Frequently Asked Questions

What is EBITDA used for?
EBITDA is used for business valuation, comparing companies across different tax and capital structures, assessing operating performance, and calculating debt service capacity. It's commonly used in M&A transactions and leveraged buyout analysis.
What's the difference between EBITDA and EBIT?
EBIT is Earnings Before Interest and Taxes. EBITDA adds back Depreciation and Amortization to EBIT. EBITDA is higher than EBIT and provides a measure of cash flow from operations before capital expenditures.
Why do some analysts criticize EBITDA?
Critics argue EBITDA ignores capital expenditures needed to maintain assets, overstates cash flow for capital-intensive businesses, and can be manipulated through accounting choices.

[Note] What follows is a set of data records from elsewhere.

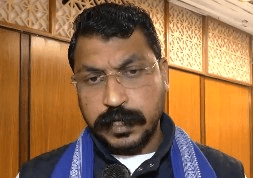 सावरकर को भारत रत्न की मांग पर गरमाई सियासत, विपक्षी नेताओं ने दिए जवाब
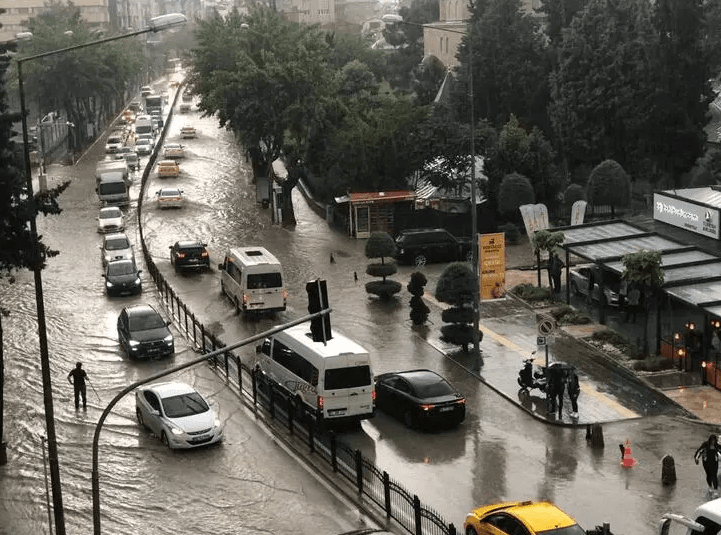 Amasya'da yollar göle döndü, ev ve iş yerlerini su bastı - 3
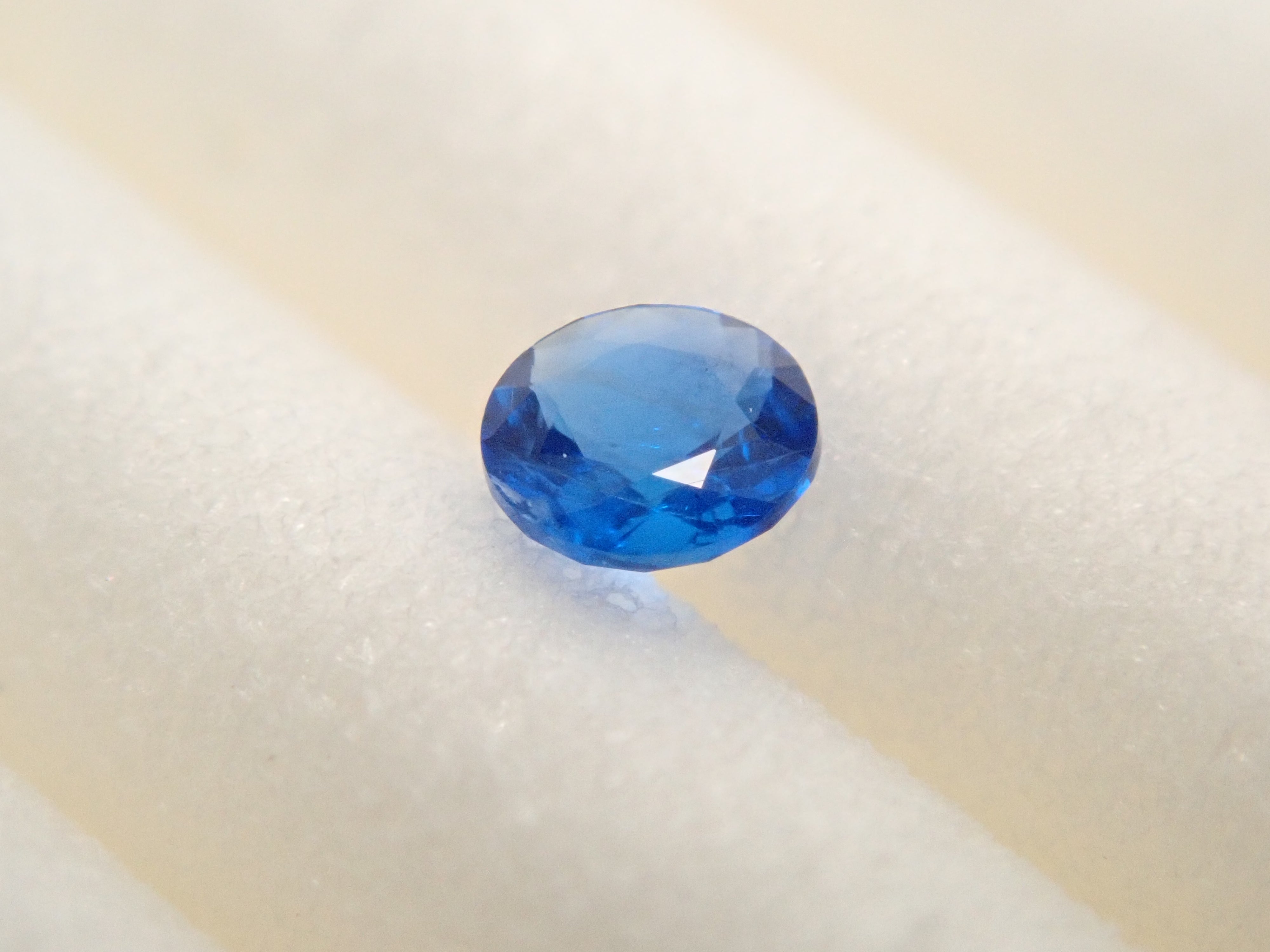 ドイツ産アウイナイト 0.035ctルース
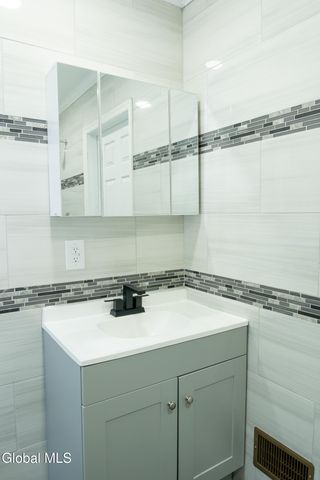 127 N Toll Street, Scotia, NY 12302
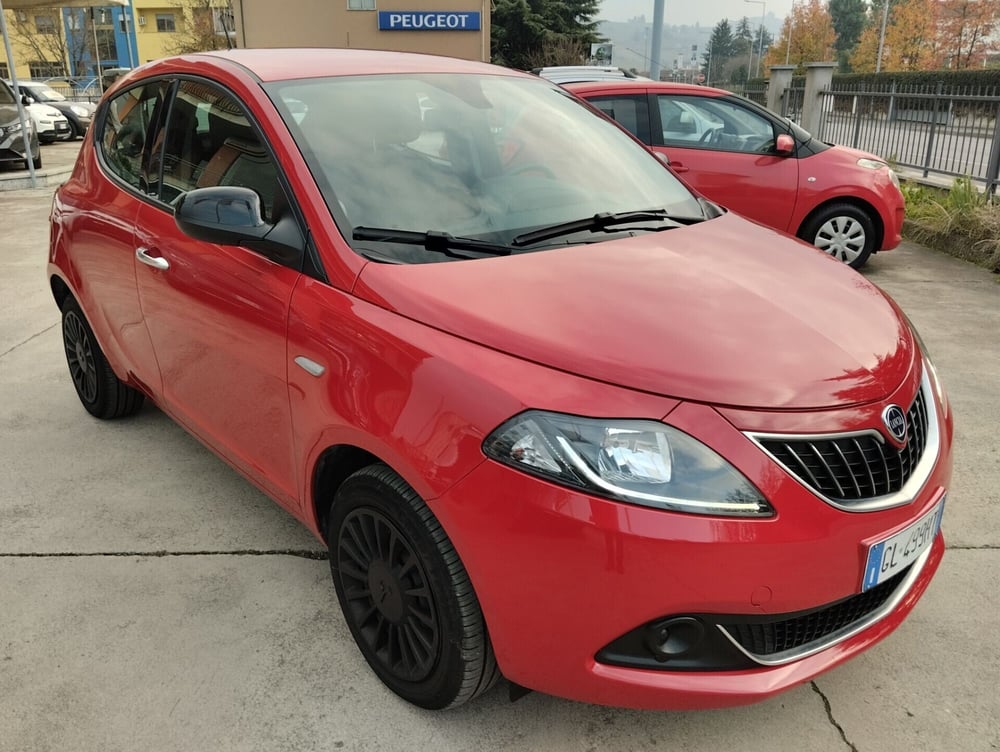 Lancia Ypsilon usata a Asti (2)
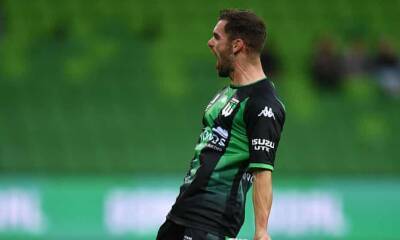 Riley Macgree - Ben Garuccio stuns A-League with ‘unbelievable’ scorpion kick goal - theguardian.com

It doesn't account for working capital changes either.
How do I calculate EBITDA margin?
EBITDA Margin = EBITDA / Revenue × 100. It shows what percentage of revenue converts to EBITDA. Higher margins indicate better operational efficiency. Compare to industry benchmarks for context.
What is a good EBITDA margin?
Good EBITDA margins vary by industry: software 25-40%, manufacturing 10-20%, retail 5-15%, services 15-30%. Compare to industry peers and historical performance. Improving margins indicate operational efficiency.
Can EBITDA be negative?
Yes, negative EBITDA indicates the business is not generating cash from operations before financing and accounting. This is a warning sign requiring immediate operational changes. Negative EBITDA businesses typically struggle to attract financing.